Task brief: Exactly the lines from the top of the records below through the one containing "Robe Asymétrique Dentelle" must be set down, with no line added or dropped.

*** Opening Records for the task ***

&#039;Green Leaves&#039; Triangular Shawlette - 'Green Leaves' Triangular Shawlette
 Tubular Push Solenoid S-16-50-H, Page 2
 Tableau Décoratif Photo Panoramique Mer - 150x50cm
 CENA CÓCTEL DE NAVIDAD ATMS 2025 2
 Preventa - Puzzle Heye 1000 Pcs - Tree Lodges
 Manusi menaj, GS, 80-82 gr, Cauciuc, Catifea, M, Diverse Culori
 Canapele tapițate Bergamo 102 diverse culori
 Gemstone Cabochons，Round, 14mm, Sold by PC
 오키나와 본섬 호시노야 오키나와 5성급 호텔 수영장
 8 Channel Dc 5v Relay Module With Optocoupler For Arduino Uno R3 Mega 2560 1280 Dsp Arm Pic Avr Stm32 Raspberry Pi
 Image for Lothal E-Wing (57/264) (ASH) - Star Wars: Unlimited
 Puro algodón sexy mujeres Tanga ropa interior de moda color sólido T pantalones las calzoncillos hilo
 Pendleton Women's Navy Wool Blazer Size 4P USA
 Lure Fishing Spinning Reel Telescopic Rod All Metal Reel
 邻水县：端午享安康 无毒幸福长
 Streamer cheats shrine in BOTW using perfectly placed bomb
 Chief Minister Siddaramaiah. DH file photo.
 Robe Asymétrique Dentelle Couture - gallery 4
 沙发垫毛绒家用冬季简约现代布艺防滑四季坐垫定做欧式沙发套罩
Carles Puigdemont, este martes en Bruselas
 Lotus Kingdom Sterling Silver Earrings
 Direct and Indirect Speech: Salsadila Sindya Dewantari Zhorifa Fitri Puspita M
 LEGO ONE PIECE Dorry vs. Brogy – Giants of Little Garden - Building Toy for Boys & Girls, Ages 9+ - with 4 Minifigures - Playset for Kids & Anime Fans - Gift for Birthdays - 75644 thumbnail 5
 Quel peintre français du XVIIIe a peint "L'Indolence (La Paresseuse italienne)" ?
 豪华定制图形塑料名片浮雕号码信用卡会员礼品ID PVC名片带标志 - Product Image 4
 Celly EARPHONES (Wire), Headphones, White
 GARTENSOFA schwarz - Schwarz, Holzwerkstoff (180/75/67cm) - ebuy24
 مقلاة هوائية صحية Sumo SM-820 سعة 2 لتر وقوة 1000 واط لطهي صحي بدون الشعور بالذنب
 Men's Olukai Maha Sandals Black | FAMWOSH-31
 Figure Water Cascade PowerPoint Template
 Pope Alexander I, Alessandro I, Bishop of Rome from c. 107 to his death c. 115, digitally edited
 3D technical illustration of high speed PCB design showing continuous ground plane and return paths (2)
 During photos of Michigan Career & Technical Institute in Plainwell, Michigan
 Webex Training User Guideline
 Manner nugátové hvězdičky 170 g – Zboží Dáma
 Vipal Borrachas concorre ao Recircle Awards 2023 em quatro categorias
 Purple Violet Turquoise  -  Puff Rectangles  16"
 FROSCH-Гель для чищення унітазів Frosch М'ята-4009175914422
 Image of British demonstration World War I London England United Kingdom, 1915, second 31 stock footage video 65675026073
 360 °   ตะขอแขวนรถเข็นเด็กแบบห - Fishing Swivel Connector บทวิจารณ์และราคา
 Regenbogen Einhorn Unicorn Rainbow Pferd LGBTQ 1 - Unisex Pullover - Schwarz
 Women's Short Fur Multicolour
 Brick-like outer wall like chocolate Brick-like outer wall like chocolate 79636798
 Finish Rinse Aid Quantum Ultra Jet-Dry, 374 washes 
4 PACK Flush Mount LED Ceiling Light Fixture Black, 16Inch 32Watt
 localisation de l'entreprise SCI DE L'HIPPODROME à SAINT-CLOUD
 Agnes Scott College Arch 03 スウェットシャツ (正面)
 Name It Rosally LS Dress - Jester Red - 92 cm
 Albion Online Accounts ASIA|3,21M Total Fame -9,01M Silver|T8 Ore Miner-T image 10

*** Closing Records for the task ***

Answer to this problem:
&#039;Green Leaves&#039; Triangular Shawlette - 'Green Leaves' Triangular Shawlette
 Tubular Push Solenoid S-16-50-H, Page 2
 Tableau Décoratif Photo Panoramique Mer - 150x50cm
 CENA CÓCTEL DE NAVIDAD ATMS 2025 2
 Preventa - Puzzle Heye 1000 Pcs - Tree Lodges
 Manusi menaj, GS, 80-82 gr, Cauciuc, Catifea, M, Diverse Culori
 Canapele tapițate Bergamo 102 diverse culori
 Gemstone Cabochons，Round, 14mm, Sold by PC
 오키나와 본섬 호시노야 오키나와 5성급 호텔 수영장
 8 Channel Dc 5v Relay Module With Optocoupler For Arduino Uno R3 Mega 2560 1280 Dsp Arm Pic Avr Stm32 Raspberry Pi
 Image for Lothal E-Wing (57/264) (ASH) - Star Wars: Unlimited
 Puro algodón sexy mujeres Tanga ropa interior de moda color sólido T pantalones las calzoncillos hilo
 Pendleton Women's Navy Wool Blazer Size 4P USA
 Lure Fishing Spinning Reel Telescopic Rod All Metal Reel
 邻水县：端午享安康 无毒幸福长
 Streamer cheats shrine in BOTW using perfectly placed bomb
 Chief Minister Siddaramaiah. DH file photo.
 Robe Asymétrique Dentelle Couture - gallery 4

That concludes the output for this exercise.